• **What to do**:
Hand back the entries exactly as written, minus every picture.

----- Records for this task

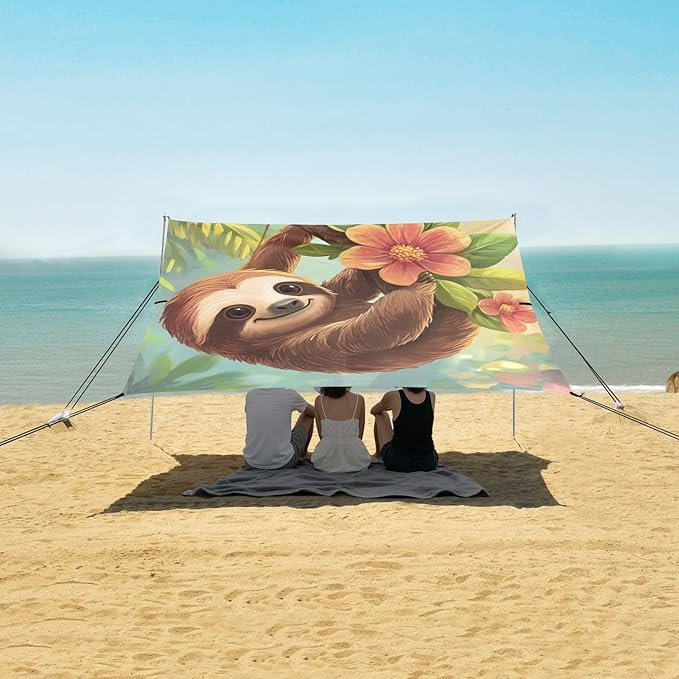 ALAZA Cartoon Sloth Hang on The Tree Floral Beach Tent Sun Shelter Portable Canopy Sunshade for Outdoor Camping Picnics Backyard Fun 10x9 ft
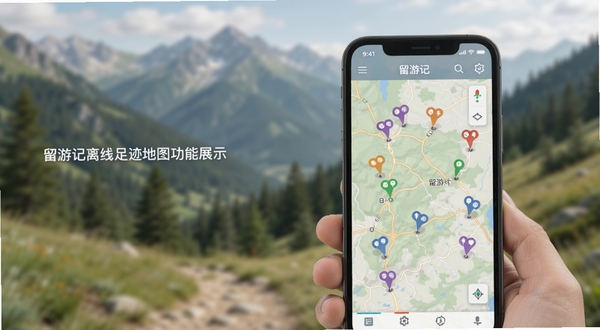留游记离线足迹地图功能展示图,画面主体为手机屏幕显示带有多个足迹标记点的地图界面,标记点以不同颜色区分时间先后,背景为户外山野环境虚化效果,屏幕内可见留游记应用名称,整体色调柔和自然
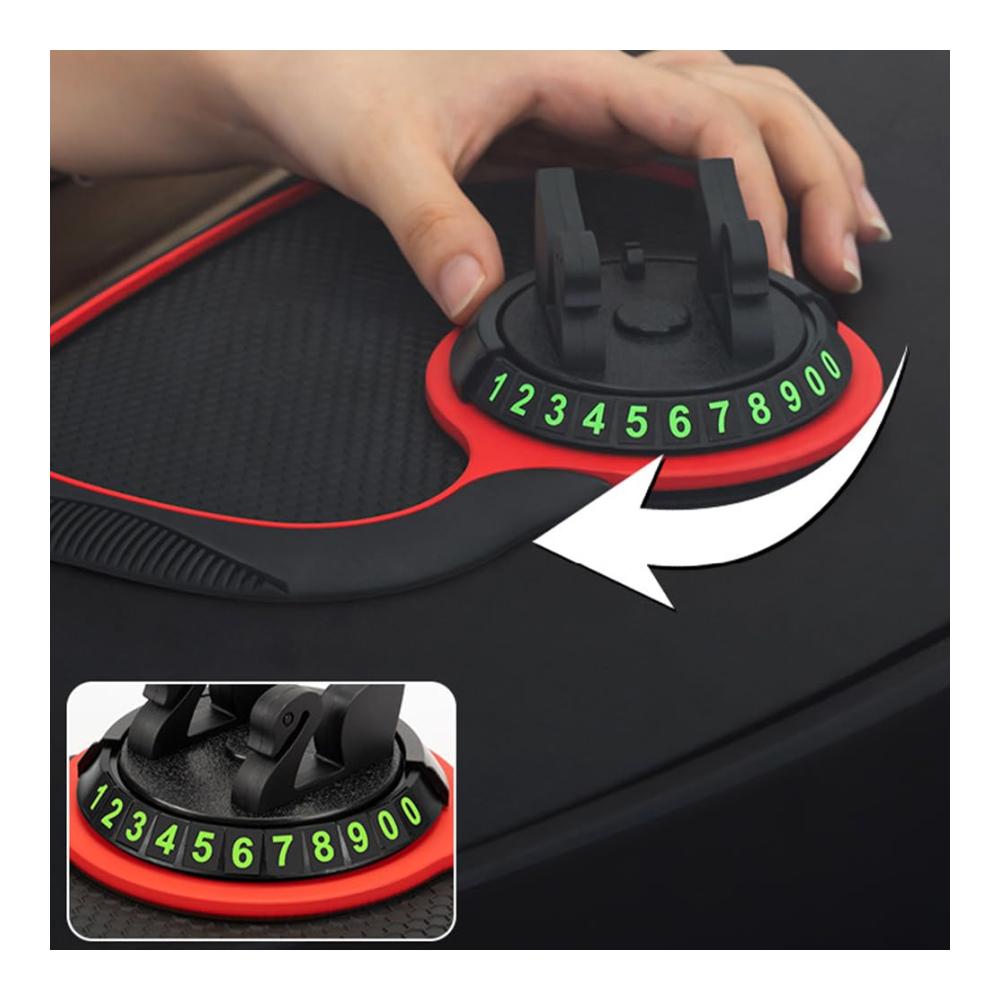 Auto Antirutschmatte Armaturenbrett Schwarz | Multifunktionale Rutschfeste Matte mit 360° Halterung | Inkl. Handyhalterung | Autos Rutschfestes Telefonpad Dashboard | Praktisches Zubehör für sicheres Fahren
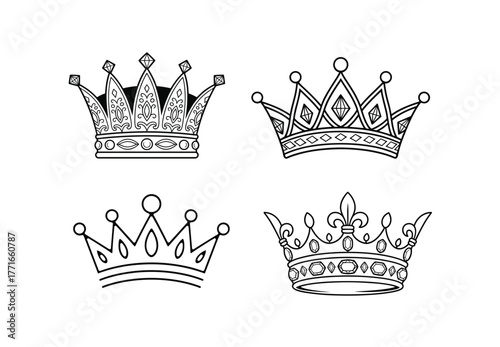 Four Crown Vector Illustration Royalty Symbol Collection Ornate Designs
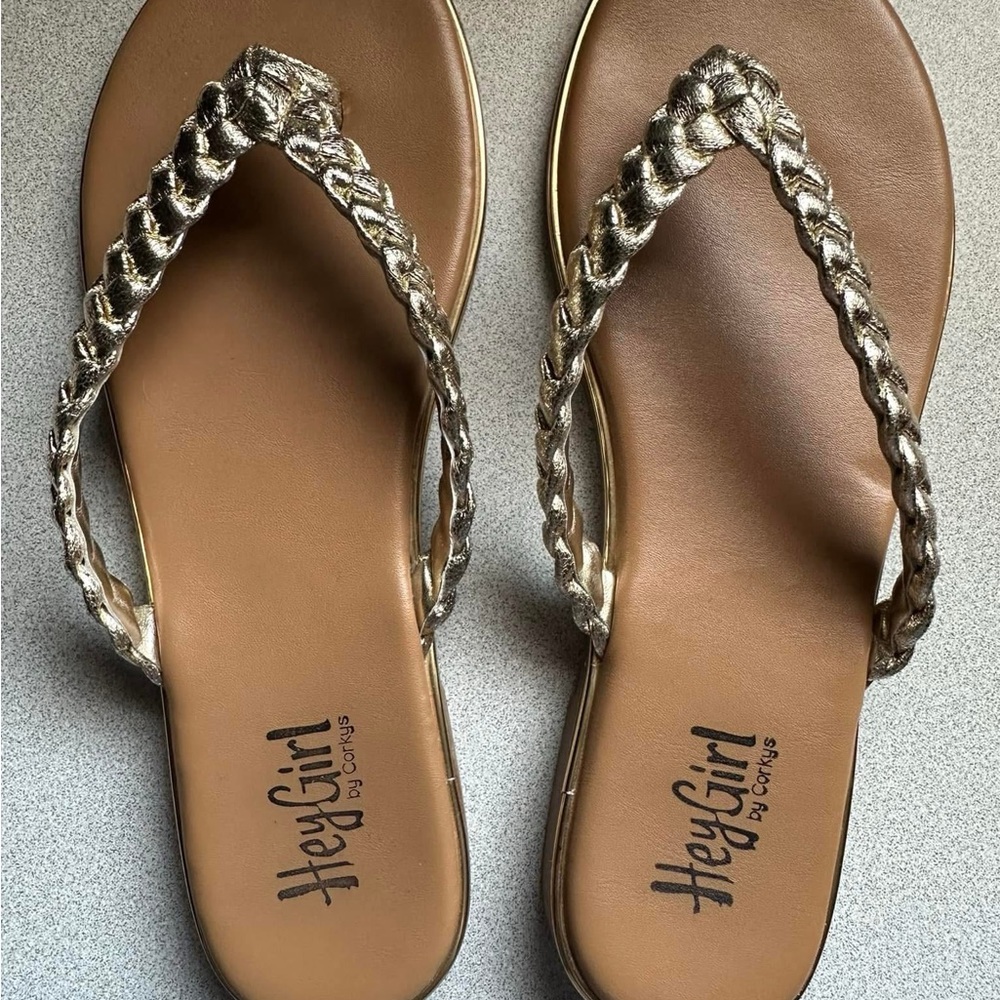 Corkys Gold Braided Sandals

----------

• **Response**:
 ALAZA Cartoon Sloth Hang on The Tree Floral Beach Tent Sun Shelter Portable Canopy Sunshade for Outdoor Camping Picnics Backyard Fun 10x9 ft
留游记离线足迹地图功能展示图,画面主体为手机屏幕显示带有多个足迹标记点的地图界面,标记点以不同颜色区分时间先后,背景为户外山野环境虚化效果,屏幕内可见留游记应用名称,整体色调柔和自然
 Auto Antirutschmatte Armaturenbrett Schwarz | Multifunktionale Rutschfeste Matte mit 360° Halterung | Inkl. Handyhalterung | Autos Rutschfestes Telefonpad Dashboard | Praktisches Zubehör für sicheres Fahren
 Four Crown Vector Illustration Royalty Symbol Collection Ornate Designs
 Corkys Gold Braided Sandals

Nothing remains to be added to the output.